Is the “Tech Wreck” a new dot-com bubble bursting? In the Financial Times, Robin Wigglesworth suggests that the scale of wealth destruction currently happening in the market is underappreciated. He writes:
At what point does the slump in US technology stocks stop being dismissed as a mere “tech wreck” primarily centred on the most speculative companies and become considered a fully-fledged dotcom crash 2.0?
The combination of increasingly hawkish central banks and Russia’s invasion of Ukraine has been toxic for equity markets this year. The MSCI All-Country World index is now down 12 per cent in 2022. However, as is often the case, headline indices miss a more fascinating story underneath.
The pain has been primarily focused in US technology stocks. Despite a tepid bounce over the past week, the Nasdaq Composite index has already fallen nearly 20 per cent in 2022. In dollar terms, the tech-heavy market has now lost well over $5tn in value since its November peak — more than the Nasdaq’s dollar losses through the entire dotcom bubble unwinding in 2000-02.
Yes, the index is vastly bigger these days, But the scale of wealth destruction — and how painful it has been for many investors — is real and arguably under-appreciated, as the relative resilience of Big Tech is obscuring the extent of the damage.

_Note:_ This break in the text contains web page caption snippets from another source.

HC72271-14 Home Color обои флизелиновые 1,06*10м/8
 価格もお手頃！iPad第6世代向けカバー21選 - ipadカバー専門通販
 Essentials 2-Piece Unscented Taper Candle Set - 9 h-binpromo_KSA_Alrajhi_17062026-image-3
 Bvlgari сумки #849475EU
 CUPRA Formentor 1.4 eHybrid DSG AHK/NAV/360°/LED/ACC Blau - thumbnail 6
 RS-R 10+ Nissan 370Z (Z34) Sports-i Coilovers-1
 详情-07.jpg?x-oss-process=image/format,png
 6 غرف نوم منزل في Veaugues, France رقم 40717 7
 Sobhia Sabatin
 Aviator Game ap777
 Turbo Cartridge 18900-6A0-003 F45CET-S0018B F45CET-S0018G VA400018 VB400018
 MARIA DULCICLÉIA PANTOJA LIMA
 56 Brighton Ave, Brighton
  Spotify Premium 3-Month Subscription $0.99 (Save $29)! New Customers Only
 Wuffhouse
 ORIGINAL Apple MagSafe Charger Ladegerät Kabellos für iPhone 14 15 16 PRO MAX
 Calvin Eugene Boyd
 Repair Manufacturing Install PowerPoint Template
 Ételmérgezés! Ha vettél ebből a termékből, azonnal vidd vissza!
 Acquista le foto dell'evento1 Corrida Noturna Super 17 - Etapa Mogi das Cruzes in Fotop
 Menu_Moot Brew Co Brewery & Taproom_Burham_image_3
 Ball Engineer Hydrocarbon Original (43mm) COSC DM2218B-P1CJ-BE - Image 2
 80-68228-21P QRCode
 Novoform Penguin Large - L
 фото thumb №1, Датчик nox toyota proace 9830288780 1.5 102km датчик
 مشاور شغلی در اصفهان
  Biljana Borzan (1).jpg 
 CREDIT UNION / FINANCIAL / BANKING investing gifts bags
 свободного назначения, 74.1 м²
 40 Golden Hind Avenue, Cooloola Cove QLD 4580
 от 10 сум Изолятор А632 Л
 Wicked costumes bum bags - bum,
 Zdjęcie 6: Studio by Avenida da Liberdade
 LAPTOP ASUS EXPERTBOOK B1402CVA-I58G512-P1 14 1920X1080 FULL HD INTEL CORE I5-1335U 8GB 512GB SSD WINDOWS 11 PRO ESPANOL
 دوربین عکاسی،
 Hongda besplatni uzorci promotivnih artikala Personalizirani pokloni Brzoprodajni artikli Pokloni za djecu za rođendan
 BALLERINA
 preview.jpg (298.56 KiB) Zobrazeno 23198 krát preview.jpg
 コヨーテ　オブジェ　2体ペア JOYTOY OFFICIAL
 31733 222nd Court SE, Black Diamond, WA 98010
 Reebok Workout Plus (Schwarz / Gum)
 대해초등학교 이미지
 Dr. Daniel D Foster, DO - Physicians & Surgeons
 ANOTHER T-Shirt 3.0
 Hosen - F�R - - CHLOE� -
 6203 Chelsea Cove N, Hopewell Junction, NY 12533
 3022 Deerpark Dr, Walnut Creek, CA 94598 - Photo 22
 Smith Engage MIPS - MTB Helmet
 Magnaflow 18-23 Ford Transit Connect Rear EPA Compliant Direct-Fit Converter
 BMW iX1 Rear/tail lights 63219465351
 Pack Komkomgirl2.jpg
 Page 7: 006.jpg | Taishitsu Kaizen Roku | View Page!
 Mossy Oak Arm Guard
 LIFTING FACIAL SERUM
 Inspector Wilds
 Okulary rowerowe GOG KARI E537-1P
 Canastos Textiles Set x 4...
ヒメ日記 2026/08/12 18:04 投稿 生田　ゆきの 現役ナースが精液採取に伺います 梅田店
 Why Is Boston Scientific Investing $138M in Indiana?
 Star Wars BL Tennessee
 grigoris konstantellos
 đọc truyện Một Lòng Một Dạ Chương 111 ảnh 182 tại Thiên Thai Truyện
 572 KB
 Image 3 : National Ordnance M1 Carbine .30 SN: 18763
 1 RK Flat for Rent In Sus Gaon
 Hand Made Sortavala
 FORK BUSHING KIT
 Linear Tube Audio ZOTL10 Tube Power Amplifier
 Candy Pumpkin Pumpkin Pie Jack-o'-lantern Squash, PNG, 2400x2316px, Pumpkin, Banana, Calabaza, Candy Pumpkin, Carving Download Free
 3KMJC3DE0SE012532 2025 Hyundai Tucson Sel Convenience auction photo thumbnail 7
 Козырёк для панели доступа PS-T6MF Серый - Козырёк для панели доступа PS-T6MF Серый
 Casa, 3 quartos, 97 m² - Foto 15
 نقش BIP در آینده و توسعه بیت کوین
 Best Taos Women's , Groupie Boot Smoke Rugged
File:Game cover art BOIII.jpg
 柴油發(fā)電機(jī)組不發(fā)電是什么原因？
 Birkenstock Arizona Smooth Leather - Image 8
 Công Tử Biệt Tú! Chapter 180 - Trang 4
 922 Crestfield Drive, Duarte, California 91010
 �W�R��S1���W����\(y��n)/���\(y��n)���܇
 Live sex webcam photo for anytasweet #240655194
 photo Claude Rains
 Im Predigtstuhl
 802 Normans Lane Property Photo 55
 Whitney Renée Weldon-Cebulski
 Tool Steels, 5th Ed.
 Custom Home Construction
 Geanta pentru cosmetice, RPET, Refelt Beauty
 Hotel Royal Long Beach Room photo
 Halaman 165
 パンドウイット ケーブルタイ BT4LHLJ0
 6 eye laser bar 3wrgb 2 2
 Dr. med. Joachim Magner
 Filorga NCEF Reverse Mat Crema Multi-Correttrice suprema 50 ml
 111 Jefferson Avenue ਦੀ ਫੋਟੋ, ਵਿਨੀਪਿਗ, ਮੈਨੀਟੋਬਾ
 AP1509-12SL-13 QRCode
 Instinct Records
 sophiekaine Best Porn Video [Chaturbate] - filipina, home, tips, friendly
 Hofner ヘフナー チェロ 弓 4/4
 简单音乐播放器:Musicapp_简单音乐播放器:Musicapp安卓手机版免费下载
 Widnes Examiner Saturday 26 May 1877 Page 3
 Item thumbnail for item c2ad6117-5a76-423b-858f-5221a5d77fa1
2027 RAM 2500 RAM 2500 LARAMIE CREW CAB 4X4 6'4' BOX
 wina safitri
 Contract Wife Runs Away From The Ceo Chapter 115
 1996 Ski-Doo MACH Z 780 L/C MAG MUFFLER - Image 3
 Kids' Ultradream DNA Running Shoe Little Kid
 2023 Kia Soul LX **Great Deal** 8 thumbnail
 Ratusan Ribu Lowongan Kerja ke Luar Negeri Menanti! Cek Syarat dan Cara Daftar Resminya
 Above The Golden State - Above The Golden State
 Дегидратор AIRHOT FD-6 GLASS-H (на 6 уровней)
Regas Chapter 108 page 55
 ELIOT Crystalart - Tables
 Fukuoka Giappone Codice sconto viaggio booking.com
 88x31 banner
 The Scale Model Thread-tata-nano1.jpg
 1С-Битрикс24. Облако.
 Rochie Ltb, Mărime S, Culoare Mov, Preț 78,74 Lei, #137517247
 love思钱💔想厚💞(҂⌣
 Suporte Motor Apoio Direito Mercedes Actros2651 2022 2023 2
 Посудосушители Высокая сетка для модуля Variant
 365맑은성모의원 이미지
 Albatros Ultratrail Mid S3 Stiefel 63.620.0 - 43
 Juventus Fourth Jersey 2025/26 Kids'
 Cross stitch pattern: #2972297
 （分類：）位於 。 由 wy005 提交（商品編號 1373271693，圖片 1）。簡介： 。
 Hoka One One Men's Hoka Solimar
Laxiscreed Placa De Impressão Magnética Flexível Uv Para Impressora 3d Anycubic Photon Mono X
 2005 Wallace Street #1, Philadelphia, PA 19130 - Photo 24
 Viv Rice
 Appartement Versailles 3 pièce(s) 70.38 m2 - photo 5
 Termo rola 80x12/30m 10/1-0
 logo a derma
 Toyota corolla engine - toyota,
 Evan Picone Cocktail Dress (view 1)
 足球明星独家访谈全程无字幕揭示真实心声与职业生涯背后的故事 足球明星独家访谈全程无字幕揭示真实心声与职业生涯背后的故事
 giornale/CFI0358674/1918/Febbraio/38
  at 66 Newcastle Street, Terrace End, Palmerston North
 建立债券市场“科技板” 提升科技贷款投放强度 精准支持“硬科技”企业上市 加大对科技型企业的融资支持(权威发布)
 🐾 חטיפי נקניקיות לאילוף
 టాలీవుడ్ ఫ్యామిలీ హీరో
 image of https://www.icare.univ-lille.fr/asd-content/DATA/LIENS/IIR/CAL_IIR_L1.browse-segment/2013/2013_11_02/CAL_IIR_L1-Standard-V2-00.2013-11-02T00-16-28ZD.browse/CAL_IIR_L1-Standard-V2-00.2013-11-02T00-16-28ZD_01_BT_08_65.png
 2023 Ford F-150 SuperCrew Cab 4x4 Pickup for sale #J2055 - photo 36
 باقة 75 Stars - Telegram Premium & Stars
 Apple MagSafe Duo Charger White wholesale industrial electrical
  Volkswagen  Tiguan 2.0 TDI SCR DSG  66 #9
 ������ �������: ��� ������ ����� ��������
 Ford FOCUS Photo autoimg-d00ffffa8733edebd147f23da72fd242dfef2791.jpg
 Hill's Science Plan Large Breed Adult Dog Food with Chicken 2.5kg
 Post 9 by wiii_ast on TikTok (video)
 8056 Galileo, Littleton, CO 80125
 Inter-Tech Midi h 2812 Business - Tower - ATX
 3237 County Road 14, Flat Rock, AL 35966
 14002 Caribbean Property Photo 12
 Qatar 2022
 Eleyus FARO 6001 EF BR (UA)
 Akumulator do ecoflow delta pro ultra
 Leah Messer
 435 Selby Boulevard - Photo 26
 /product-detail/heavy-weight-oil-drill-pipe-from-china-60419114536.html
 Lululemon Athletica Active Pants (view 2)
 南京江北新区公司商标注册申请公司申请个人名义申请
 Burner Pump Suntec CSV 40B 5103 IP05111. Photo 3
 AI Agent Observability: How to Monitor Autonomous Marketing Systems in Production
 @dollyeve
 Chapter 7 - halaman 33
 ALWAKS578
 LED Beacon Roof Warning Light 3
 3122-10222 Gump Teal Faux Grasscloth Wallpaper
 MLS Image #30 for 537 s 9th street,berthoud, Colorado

Almost two-thirds of the Nasdaq’s 3,000 plus members have fallen by at least 25 per cent from their 52-week highs, according to numbers from Société Générale’s Andrew Lapthorne. Almost 43 per cent have lost more than half their value, and nearly a fifth have tumbled over 75 per cent — the worst such ratio since the financial crisis. The $5.15tn that has evaporated from the Nasdaq in recent weeks is like the entire UK stock market going “poof”.